(Short descriptive text snippets)
####

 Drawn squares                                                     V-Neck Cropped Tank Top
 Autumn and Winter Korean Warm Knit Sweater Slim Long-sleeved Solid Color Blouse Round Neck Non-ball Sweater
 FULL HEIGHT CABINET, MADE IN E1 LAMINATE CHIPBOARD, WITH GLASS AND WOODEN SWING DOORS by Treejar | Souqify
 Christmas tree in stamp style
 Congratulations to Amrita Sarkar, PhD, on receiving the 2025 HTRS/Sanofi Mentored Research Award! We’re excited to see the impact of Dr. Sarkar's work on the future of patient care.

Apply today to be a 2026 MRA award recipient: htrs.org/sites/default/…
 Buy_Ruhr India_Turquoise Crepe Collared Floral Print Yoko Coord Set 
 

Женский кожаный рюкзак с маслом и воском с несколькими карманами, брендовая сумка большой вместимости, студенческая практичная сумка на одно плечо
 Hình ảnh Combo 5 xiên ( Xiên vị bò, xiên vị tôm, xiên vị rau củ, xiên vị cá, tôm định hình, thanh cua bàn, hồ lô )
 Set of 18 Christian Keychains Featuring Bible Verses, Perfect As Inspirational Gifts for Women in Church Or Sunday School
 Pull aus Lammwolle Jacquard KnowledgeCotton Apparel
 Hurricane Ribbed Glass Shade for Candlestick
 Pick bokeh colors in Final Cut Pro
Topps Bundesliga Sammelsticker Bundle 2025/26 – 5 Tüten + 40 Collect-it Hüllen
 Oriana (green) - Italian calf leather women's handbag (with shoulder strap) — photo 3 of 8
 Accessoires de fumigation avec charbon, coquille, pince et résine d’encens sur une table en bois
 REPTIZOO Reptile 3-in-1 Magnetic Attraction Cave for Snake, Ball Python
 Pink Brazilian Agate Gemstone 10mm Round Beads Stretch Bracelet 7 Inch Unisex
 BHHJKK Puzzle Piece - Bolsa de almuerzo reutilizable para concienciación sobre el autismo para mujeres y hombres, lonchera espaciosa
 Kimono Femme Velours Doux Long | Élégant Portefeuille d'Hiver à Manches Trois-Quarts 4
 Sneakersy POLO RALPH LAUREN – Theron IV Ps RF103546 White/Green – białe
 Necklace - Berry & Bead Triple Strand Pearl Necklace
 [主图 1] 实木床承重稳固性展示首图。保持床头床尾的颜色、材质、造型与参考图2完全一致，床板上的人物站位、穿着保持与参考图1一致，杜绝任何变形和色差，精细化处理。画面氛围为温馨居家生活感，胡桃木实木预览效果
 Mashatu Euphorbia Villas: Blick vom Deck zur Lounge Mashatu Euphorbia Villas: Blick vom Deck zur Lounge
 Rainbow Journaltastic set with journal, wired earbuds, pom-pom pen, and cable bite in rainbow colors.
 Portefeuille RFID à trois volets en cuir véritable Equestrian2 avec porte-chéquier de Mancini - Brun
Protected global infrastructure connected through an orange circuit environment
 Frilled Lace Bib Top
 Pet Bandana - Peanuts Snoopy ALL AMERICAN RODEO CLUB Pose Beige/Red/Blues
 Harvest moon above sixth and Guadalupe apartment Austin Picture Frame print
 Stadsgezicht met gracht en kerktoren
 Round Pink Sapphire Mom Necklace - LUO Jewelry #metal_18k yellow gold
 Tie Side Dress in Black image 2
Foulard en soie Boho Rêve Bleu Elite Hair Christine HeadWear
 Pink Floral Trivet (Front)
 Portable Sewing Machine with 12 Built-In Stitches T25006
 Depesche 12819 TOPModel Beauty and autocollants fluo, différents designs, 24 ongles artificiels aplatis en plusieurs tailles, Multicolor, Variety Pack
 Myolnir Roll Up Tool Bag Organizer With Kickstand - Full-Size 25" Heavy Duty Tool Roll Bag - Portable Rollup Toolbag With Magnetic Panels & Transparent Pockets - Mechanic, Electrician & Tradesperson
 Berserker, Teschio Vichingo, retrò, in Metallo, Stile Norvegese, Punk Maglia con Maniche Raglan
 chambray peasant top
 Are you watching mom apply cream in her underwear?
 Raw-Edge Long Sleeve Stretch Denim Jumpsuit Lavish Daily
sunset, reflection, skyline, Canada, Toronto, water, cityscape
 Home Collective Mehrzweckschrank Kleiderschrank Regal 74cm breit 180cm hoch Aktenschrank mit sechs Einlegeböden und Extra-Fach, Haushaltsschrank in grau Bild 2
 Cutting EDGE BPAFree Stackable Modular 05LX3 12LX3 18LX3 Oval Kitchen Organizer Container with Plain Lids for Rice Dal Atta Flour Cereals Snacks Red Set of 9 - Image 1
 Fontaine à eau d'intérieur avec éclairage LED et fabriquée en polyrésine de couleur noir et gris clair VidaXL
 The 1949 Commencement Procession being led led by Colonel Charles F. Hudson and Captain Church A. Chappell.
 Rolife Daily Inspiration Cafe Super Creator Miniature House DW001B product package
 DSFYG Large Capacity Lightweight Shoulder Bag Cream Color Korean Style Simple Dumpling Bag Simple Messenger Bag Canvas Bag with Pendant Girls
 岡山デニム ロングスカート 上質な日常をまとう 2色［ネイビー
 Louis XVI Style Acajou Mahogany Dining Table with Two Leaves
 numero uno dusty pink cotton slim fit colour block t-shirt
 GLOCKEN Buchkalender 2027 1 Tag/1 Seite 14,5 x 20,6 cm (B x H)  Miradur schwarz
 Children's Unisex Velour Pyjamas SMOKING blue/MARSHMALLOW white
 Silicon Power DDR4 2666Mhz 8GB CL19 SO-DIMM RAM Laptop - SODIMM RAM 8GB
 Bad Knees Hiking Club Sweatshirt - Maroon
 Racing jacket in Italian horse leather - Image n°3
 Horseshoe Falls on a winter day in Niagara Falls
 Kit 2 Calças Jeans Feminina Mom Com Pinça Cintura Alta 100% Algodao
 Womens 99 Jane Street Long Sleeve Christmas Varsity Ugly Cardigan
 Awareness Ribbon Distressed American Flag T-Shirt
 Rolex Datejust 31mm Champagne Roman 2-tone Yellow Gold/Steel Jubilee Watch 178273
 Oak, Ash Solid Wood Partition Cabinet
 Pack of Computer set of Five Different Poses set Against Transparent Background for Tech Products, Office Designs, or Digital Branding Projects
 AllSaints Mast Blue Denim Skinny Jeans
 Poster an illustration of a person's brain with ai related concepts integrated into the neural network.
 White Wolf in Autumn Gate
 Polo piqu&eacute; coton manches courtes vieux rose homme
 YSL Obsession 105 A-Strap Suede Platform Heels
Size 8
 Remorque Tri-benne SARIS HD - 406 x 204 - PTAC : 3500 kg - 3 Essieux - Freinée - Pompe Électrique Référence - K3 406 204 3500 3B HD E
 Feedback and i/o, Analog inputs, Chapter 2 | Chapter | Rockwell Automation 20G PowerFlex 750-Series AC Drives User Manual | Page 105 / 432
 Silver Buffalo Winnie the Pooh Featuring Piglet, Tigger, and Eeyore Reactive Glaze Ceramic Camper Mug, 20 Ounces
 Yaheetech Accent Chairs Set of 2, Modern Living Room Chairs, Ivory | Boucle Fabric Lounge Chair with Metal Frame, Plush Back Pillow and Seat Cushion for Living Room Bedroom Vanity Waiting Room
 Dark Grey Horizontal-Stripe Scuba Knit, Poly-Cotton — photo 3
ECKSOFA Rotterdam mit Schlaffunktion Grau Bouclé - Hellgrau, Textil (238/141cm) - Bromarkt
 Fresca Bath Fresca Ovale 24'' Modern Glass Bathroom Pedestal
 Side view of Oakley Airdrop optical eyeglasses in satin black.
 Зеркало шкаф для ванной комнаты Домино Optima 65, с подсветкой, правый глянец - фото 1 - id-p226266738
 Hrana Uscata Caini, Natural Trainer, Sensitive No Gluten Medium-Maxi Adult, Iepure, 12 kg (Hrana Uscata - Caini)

####

* What the task asks: Your task is to restate, word for word, the lines from the beginning of the records to the line with "Женский кожаный рюкзак", inclusive.

* Answer space:
 Drawn squares                                                     V-Neck Cropped Tank Top
 Autumn and Winter Korean Warm Knit Sweater Slim Long-sleeved Solid Color Blouse Round Neck Non-ball Sweater
 FULL HEIGHT CABINET, MADE IN E1 LAMINATE CHIPBOARD, WITH GLASS AND WOODEN SWING DOORS by Treejar | Souqify
 Christmas tree in stamp style
 Congratulations to Amrita Sarkar, PhD, on receiving the 2025 HTRS/Sanofi Mentored Research Award! We’re excited to see the impact of Dr. Sarkar's work on the future of patient care.

Apply today to be a 2026 MRA award recipient: htrs.org/sites/default/…
 Buy_Ruhr India_Turquoise Crepe Collared Floral Print Yoko Coord Set 
 

Женский кожаный рюкзак с маслом и воском с несколькими карманами, брендовая сумка большой вместимости, студенческая практичная сумка на одно плечо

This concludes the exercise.